# Navigation module in '17 Cruze Premier HB



## Blasirl (Mar 31, 2015)

Chevy MyLink Infotainment System

Welcome to connectivity

CHEVROLET HOW-TO VIDEOS


----------



## 1kulsol (Sep 9, 2017)

Thanks for this info .. I have already saved all these to my pc when researching this problem ... but none of it helps .. I want to add contacts and addresses but it appears you can't do that .. at least I haven't figured out how to do it.


----------



## jblackburn (Apr 14, 2012)

Haven't figured out a way to sync contact addresses from my phone to the Nav system. The few that I have saved in my car I've just input manually.


----------



## 1kulsol (Sep 9, 2017)

Thanks .. I just wish Chevy had put a little more thought into this system .. plus not charging for the map upgrades .. I like my Garmin GPS much better .. and I have lifetime upgrades


----------



## jblackburn (Apr 14, 2012)

Actually, I just saw this. I can't remember if my iPhone did this or not. This is what you're looking for I think.
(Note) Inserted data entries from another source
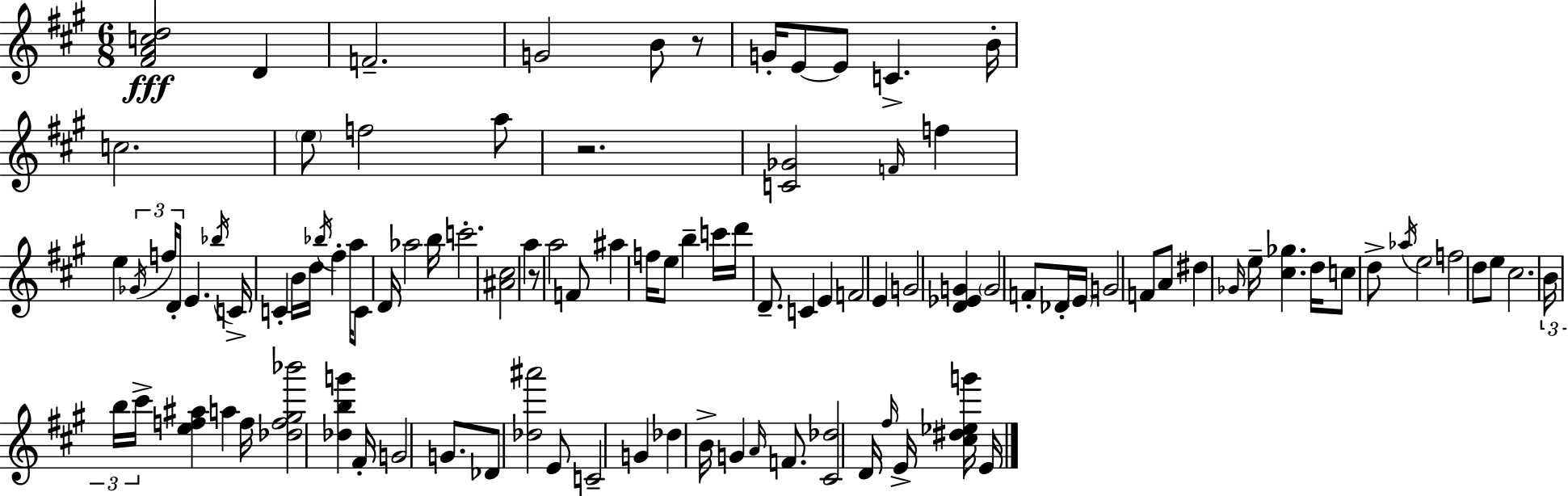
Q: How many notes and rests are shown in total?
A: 102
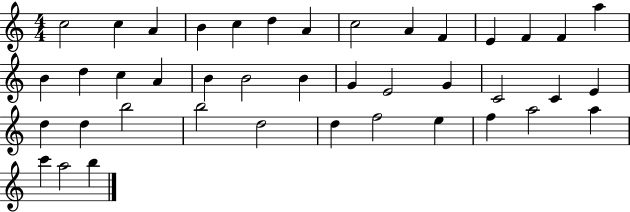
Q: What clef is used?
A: treble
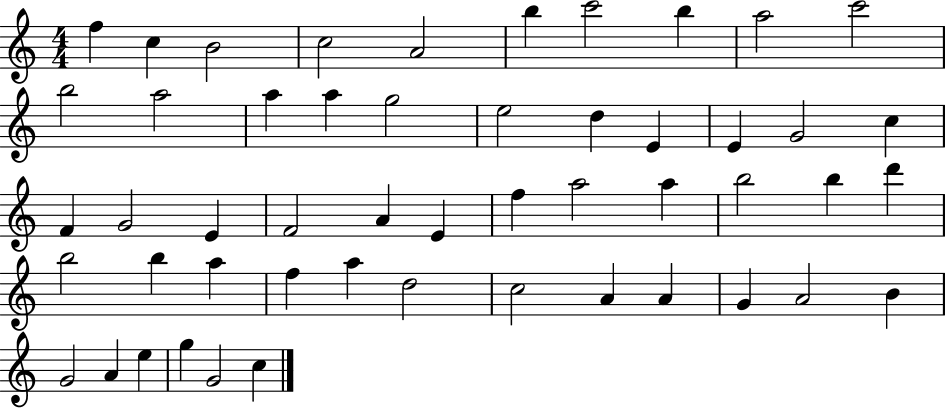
X:1
T:Untitled
M:4/4
L:1/4
K:C
f c B2 c2 A2 b c'2 b a2 c'2 b2 a2 a a g2 e2 d E E G2 c F G2 E F2 A E f a2 a b2 b d' b2 b a f a d2 c2 A A G A2 B G2 A e g G2 c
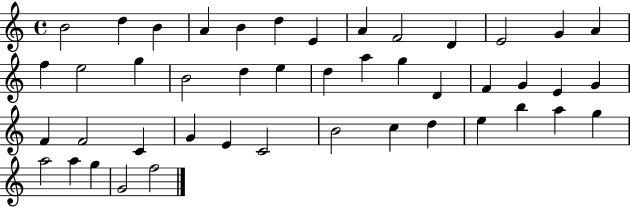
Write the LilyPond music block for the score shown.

{
  \clef treble
  \time 4/4
  \defaultTimeSignature
  \key c \major
  b'2 d''4 b'4 | a'4 b'4 d''4 e'4 | a'4 f'2 d'4 | e'2 g'4 a'4 | \break f''4 e''2 g''4 | b'2 d''4 e''4 | d''4 a''4 g''4 d'4 | f'4 g'4 e'4 g'4 | \break f'4 f'2 c'4 | g'4 e'4 c'2 | b'2 c''4 d''4 | e''4 b''4 a''4 g''4 | \break a''2 a''4 g''4 | g'2 f''2 | \bar "|."
}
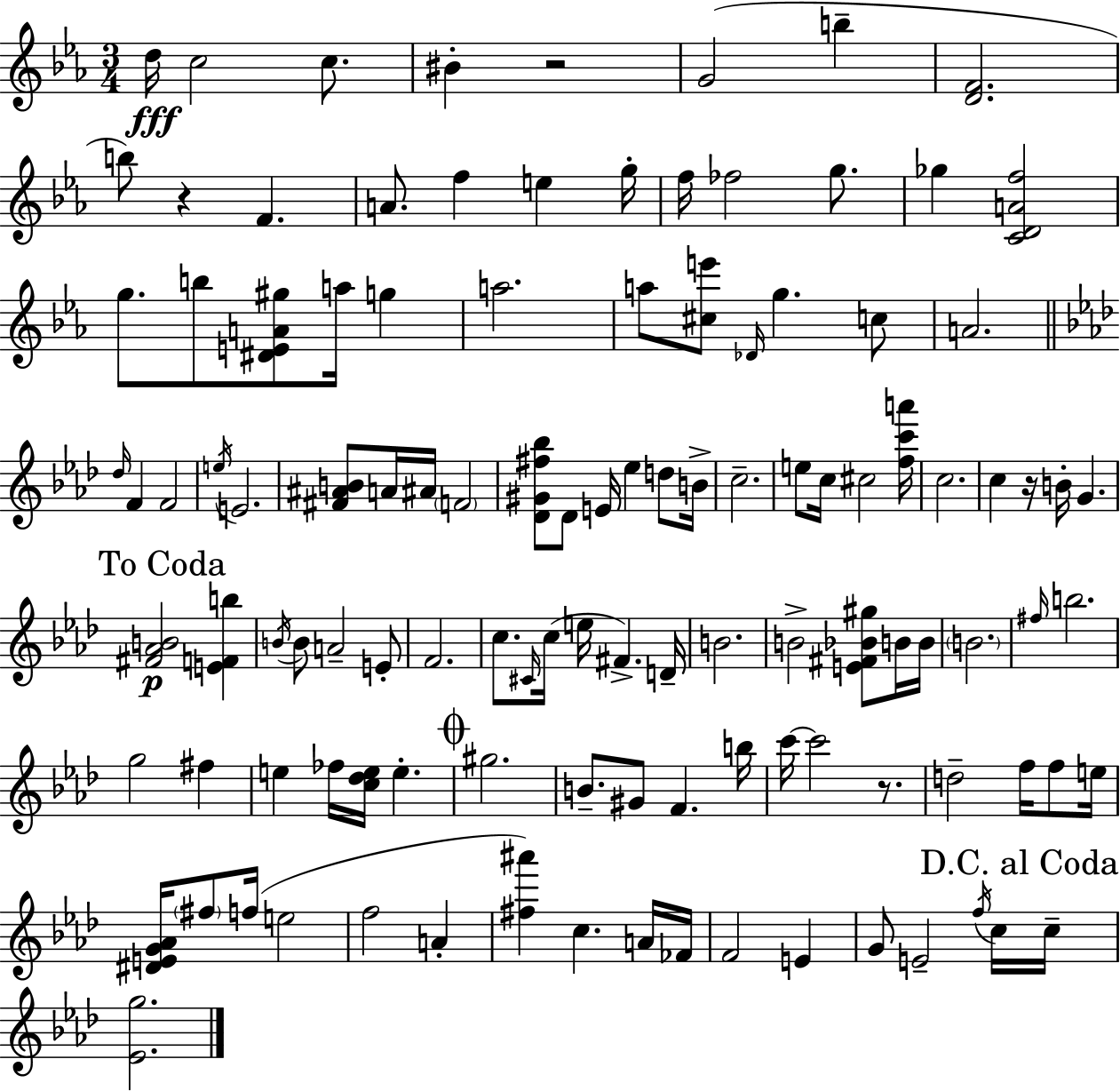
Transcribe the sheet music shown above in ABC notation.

X:1
T:Untitled
M:3/4
L:1/4
K:Cm
d/4 c2 c/2 ^B z2 G2 b [DF]2 b/2 z F A/2 f e g/4 f/4 _f2 g/2 _g [CDAf]2 g/2 b/2 [^DEA^g]/2 a/4 g a2 a/2 [^ce']/2 _D/4 g c/2 A2 _d/4 F F2 e/4 E2 [^F^AB]/2 A/4 ^A/4 F2 [_D^G^f_b]/2 _D/2 E/4 _e d/2 B/4 c2 e/2 c/4 ^c2 [fc'a']/4 c2 c z/4 B/4 G [^F_AB]2 [EFb] B/4 B/2 A2 E/2 F2 c/2 ^C/4 c/4 e/4 ^F D/4 B2 B2 [E^F_B^g]/2 B/4 B/4 B2 ^f/4 b2 g2 ^f e _f/4 [c_de]/4 e ^g2 B/2 ^G/2 F b/4 c'/4 c'2 z/2 d2 f/4 f/2 e/4 [^DEG_A]/4 ^f/2 f/4 e2 f2 A [^f^a'] c A/4 _F/4 F2 E G/2 E2 f/4 c/4 c/4 [_Eg]2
It does work for the contacts with addresses in my phone.









Sent from my SM-G950U using Tapatalk


----------



## 1kulsol (Sep 9, 2017)

Great find .. I just went outside and paired my phone and added a contact ... now it just will take a little time to add the contacts I want from my phone's contact list .. thanks for finding this.


----------